Mi vecino es un tipo sencillo de hábitos sobrios y costumbres campechanas como el asado dominguero y la pesca algunos fines de semana con amigos. Degusta del buen vino y el mate amargo. Es solidario para con quien necesita y buen compañero de trabajo.
Mi vecino es de conversación profunda y saberes adquiridos a lo largo de su vida de laburante.
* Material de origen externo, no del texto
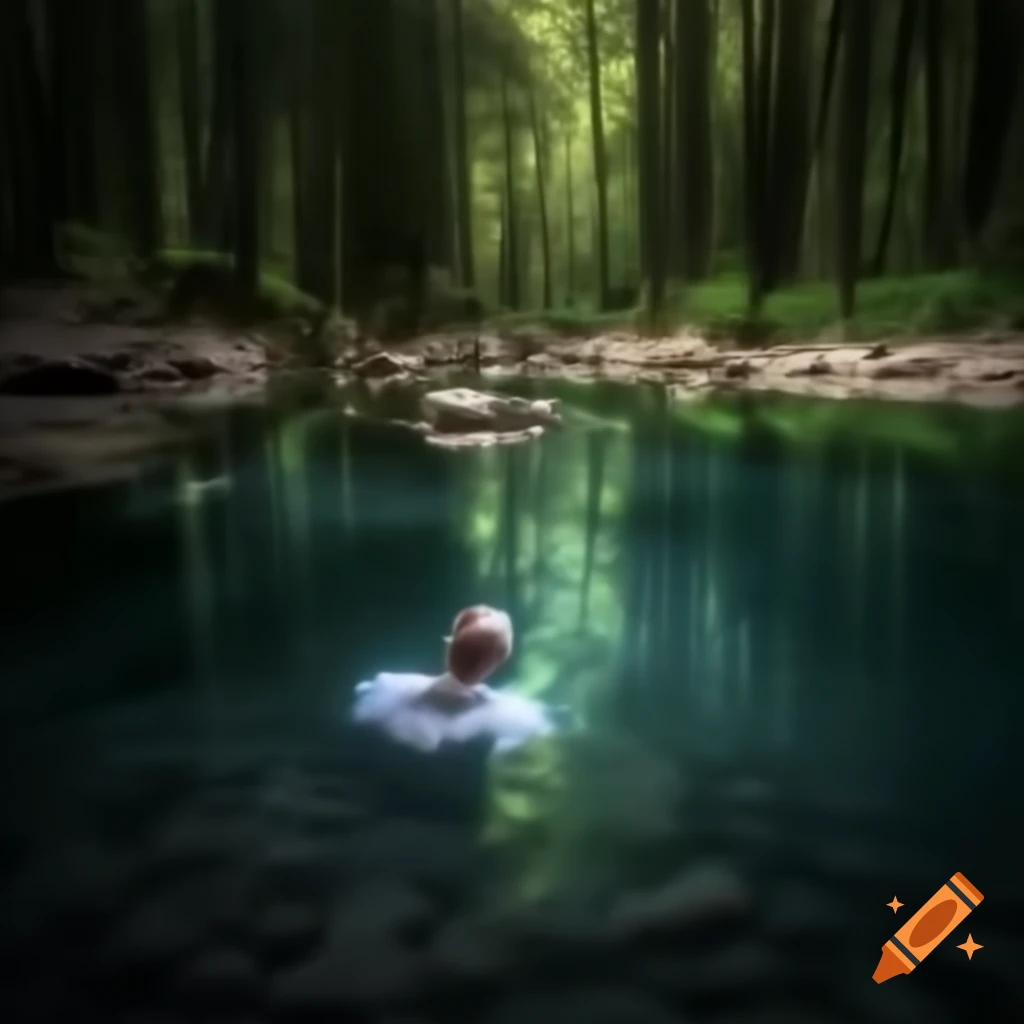 Serene forest grove atmosphere with no one around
La teoría del respeto a los demás y la ayuda mutua fueron siempre la columna vertebral de su existencia y en muchas ocasiones no le faltó coraje para defender con la voz y con el cuerpo a pares y camaradas, frente a alguna injusticia sufrida.
Mi vecino es un sujeto macanudo, sociable, inteligente y anclado en la construcción cotidiana, no solo de bienes materiales sino también de vínculos humanos para así edificar un buen vivir.
Mi vecino es admirable.
Hace algunas semanas desbordaba de alegría, inflamados gritos, carcajadas, chanzas y chistes relacionados con la modernidad y la antigüedad inundaron la manzana. Aparentaba ser más feliz de lo acostumbrado, parecía como desbordado por un acontecimiento inesperado, que sin dudas llenaba algún hueco de su existencia realmente desconocido por mí. Con el transcurso de las horas supe que mi vecino había sido beneficiado con un regalo de su hijo mayor -el bien remunerado- pues los ascensos sociales permiten entre otras cosas, ofrecer sorprendentes estímulos que sitúan a las personas y sus entornos en un estado de felicidad casi total y algarabía.
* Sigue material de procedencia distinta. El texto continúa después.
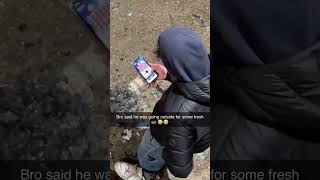 Went Outside To Check On The Action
Una computadora, más la instalación de wifi y un curso intensivo de capacitación en el manejo de la misma, además del asesoramiento gratuito en el empleo de todos los soportes comunicativos del siglo XXI fueron el obsequio que detonó la explosión de alegría que embargó la integridad de su ser, despertando eufóricos aplausos en quienes residen alrededor de su propiedad.
Los días posteriores al feliz acontecimiento se sucedieron sin mayores sobresaltos en una especie de sopor cargado de desolación.
Pero desde hace ya un tiempo prolongado, noté con asombro que mi vecino recibe comida hecha vía delivery -extraño el humo y el olor a carne asándose los domingos-, también percibí su ausencia en las reuniones vecinales y se extraña su deambular cotidiano por el barrio a la hora de los mandados, es como si se hubiese mudado sin haberlo hecho, o mejor dicho sé que está pero su presencia pareciera virtual.
Ayer me encontré con su hijo mayor -el benefactor- y después de cordiales saludos, me comentó que su padre está muy bien, que no hay manera de despegarlo de la “compu”, que Facebook e Instagram son su especialidad, que está chocho de la vida con amigos en Japón, Mozambique y Canadá y que su habitación era una caverna que lo conectaba mágicamente con el mundo.
Las afirmaciones del hijo de mi vecino despertaron ambiguos y contradictorios razonamientos en mi endeble esquema de ideas que construí a lo largo de los años, pues durante la mayor parte de mi vida prediqué que para salvar al mundo había que volver a las cavernas, donde la magia configuraba el germen de las relaciones con los demás; y ahora creo comprender, a pesar de los temores de la duda y la falta de comprobación empírica, que a lo mejor Bill Gates quería lo mismo: volver a la magia de las cavernas; y que billetes más, billetes menos; modernidad o prehistoria de por medio, quizás el destino tanto de mi vecino como el de la humanidad toda, sea estar condenados incondicionalmente a vivir en el encierro de la propia individualidad, y solo transitar por puentes vinculares construidos en nuestra vida imaginaria, despojados del calor de los cuerpos próximos, el vibrante color de las miradas y el saludable sonido de las palabras impregnadas por el aliento de los otros; atrapados irremediablemente en la oscuridad pétrea de la infinita y mágica caverna de los tiempos.